Le hameçonnage est une technique de fraude sur Internet de plus en plus répandue, visant à obtenir des renseignements confidentiels (mot de passe, informations bancaires,…), afin d’usurper l’identité de la victime, pour bénéficier notamment d’achats frauduleux.
En l’espèce, un internaute avait répondu à un mail de phishing sollicitant la communication de données confidentielles, qui avaient pu ensuite être utilisées frauduleusement pour valider des paiements, pourtant soumis au système sécurisé 3D SECURE de validation préalable par l’envoi d’un code sur le numéro de téléphone associé au compte bancaire concerné.
L’article L.133-16, alinéa 1er, du Code monétaire et financier impose au détenteur d’un compte bancaire un devoir de prudence dans les transactions qu’il mène, en ces termes : « dès qu’il reçoit un instrument de paiement, l’utilisateur de services de paiement prend toute mesure raisonnable pour préserver la sécurité de ses données de sécurité personnalisées ». Cet utilisateur doit également avertir le prestataire de service de toute utilisation non autorisée de son instrument de paiement ou de ses données personnelles.
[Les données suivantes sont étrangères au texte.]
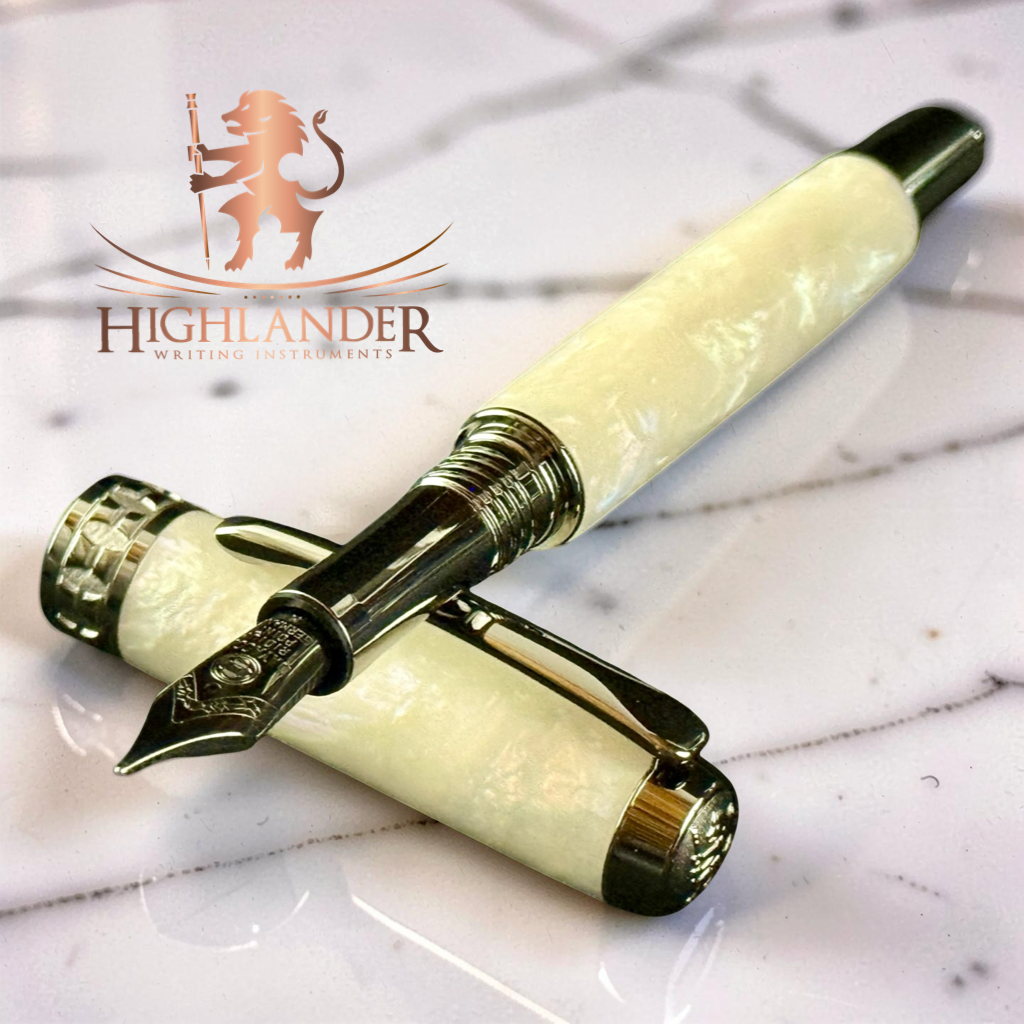 Pearly Opal | Black Titanium Fountain Pen | Handcrafted by Highlander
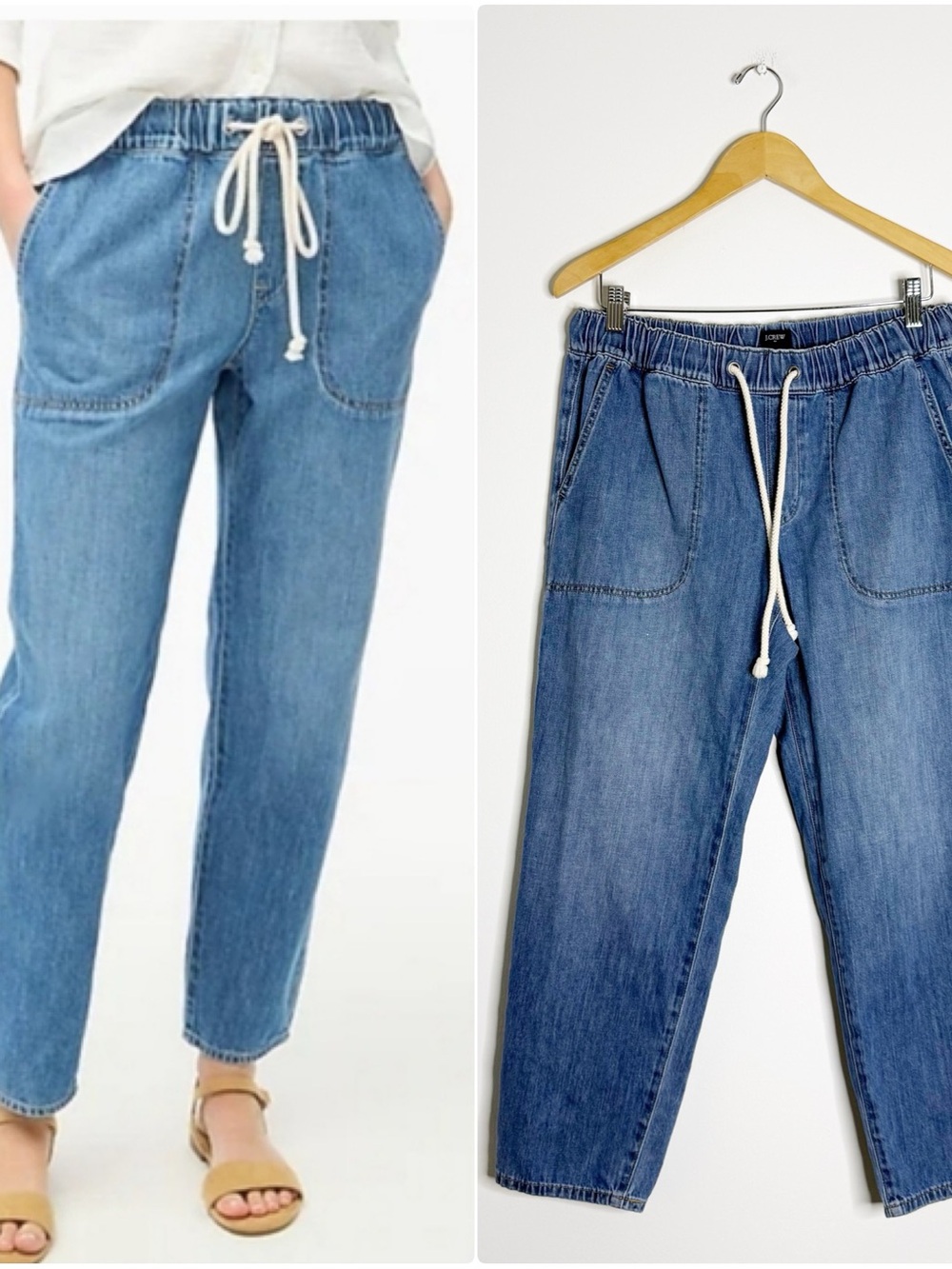 J.Crew Denim Drawstring Pants Size 29 Blue Pull-On Cotton Jeans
Concernant les banques, les articles L.133-19 et L.133-23 du même code leurs imposent d’apporter la preuve de la fraude qu’elles invoquent ou de la négligence de leur client.
Sur le fondement de ces textes, la jurisprudence a été amenée à s’interroger sur la charge de la preuve du non-respect par le détenteur du compte bancaire de son obligation de prudence et sur ses conséquences en termes de remboursement.
Par cinq arrêts rendus le 18 janvier 2018, la Cour de cassation a entendu protéger le détenteur du compte bancaire, en retenant qu’un établissement financier devait apporter la preuve qu’un utilisateur d’un moyen de paiement, niant avoir effectué un achat sur Internet, avait agi frauduleusement ou avait communiqué à un tiers ses données personnelles ou identifiants par sa négligence. Ainsi, la banque ne peut se fonder sur de simples suppositions de négligence pour refuser de rembourser son client.
Par son arrêt en date du 3 octobre 2018, la Cour de cassation s’inscrit dans le prolongement des arrêts susvisés tout en rappelant aux juges du fond leur obligation de vérifier si la preuve de la négligence n’est pas rapportée en l’espèce. La Haute juridiction a donc sanctionné les premiers juges pour avoir écarté toute négligence grave de l’utilisateur du service, aux termes de l’attendu de principe suivant, fondé sur l’article L.133-16 du Code monétaire et financier :
« Qu’en se déterminant ainsi, sans rechercher, au regard des circonstances de l’espèce, si le fait, qu’elle avait constaté, que M. X. ait répondu à un courriel d’hameçonnage ne résultait pas d’un manquement de celui-ci, par négligence grave, à ses obligations mentionnées au premier des textes susvisés, la juridiction de proximité a privé sa décision de base légale ».
En l’espèce, dès lors que l’utilisateur avait répondu à un courriel d’hameçonnage et même transmis volontairement des données personnelles pour permettre un paiement protégé par le système 3D SECURE, la Cour a considéré que le manquement à l’obligation de prudence était caractérisé.
La Cour de cassation en profite également pour rappeler que le prestataire de services de paiement contractuellement lié au payeur est seul tenu de rembourser à ce dernier le montant des opérations non autorisés, de sorte que les juges du premier degré n’avaient pas à condamner également la caisse régionale détenant les services informatiques permettant de vérifier l’origine géographique des adresses IP à partir desquelles des achats frauduleux ont pu intervenir.